Task directions:
Scan the entries that follow and work out how many lines contain "with". Give the number and nothing else.

[Stored data — start]

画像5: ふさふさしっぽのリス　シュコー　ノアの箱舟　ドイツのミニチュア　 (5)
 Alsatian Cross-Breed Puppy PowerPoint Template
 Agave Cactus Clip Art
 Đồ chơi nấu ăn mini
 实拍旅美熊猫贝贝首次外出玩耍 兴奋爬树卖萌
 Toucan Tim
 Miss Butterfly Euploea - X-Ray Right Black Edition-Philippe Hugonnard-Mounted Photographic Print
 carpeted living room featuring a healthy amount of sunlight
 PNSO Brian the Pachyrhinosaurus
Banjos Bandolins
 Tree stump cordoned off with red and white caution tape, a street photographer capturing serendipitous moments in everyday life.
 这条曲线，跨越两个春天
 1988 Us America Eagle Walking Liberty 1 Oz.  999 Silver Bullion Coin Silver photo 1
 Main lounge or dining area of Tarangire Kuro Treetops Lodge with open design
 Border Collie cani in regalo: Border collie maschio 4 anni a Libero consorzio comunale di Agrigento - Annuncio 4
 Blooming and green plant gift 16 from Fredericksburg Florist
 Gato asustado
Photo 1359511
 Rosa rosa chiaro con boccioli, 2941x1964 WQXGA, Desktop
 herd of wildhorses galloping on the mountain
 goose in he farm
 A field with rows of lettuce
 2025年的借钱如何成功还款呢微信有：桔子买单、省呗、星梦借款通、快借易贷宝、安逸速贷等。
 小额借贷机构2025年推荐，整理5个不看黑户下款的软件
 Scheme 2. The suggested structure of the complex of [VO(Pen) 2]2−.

[Stored data — finish]

Task response:
3